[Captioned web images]
──────────────────────────────

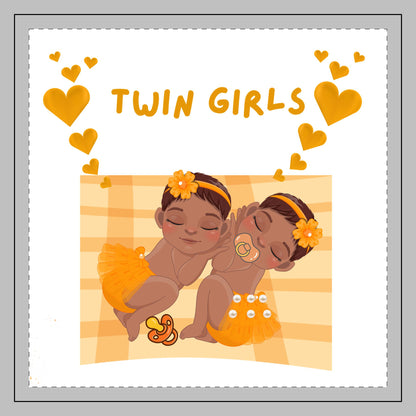 Twin Girls Nursery Pillow – Golden Hearts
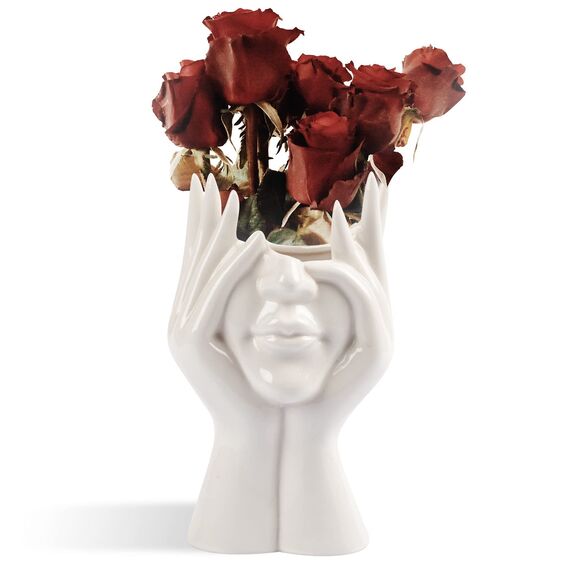 CEMABT Gesichtsvase, Blumenvase, Schreibtischdekoration, Keramik-Körpervase, weibliche Form, moderne Dekoration, kleine Vase, Bücherregal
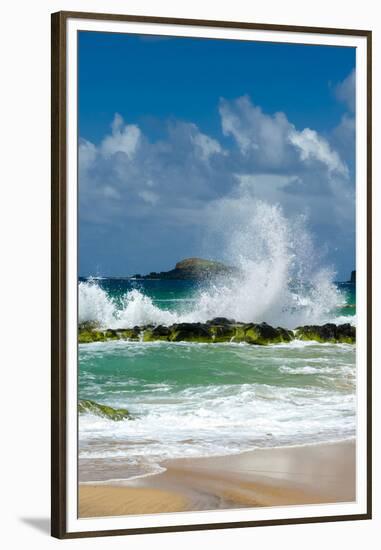 Waves Breaking on the Rocks at Kauapea Beach, Kauai, Hawaii, USA-Richard Duval-Framed Premium Photographic Print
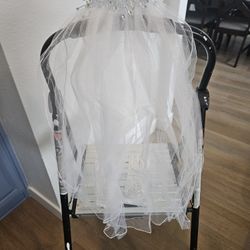 Girls Veil And Gloves - White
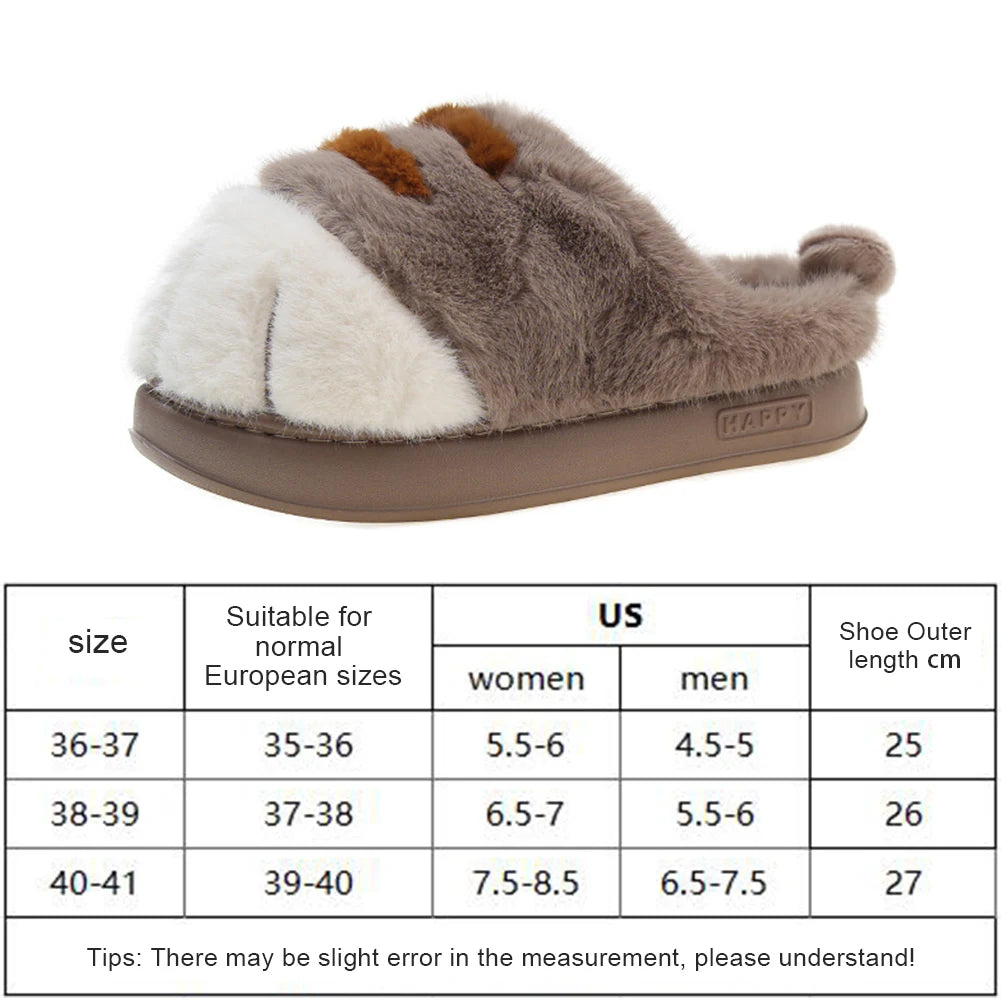 3D Cat Paw Slippers Women's Non Slip Warm Furry Mules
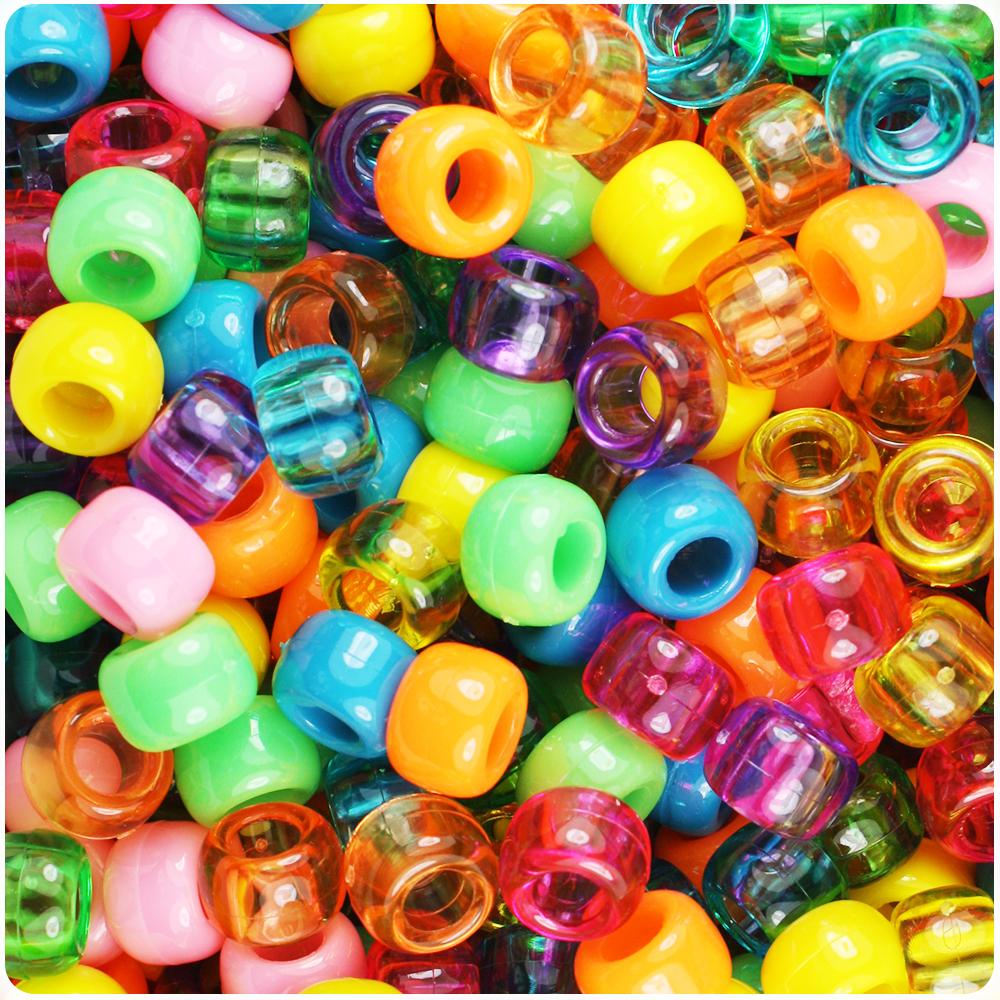Party Time Mix 9mm Barrel Pony Beads (100pcs)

──────────────────────────────

● **Exercise**: Your copy should match the entries exactly, minus the pictures.

● **Solution to the problem**:
 Twin Girls Nursery Pillow – Golden Hearts
 CEMABT Gesichtsvase, Blumenvase, Schreibtischdekoration, Keramik-Körpervase, weibliche Form, moderne Dekoration, kleine Vase, Bücherregal
 Waves Breaking on the Rocks at Kauapea Beach, Kauai, Hawaii, USA-Richard Duval-Framed Premium Photographic Print
 Girls Veil And Gloves - White
 3D Cat Paw Slippers Women's Non Slip Warm Furry Mules
Party Time Mix 9mm Barrel Pony Beads (100pcs)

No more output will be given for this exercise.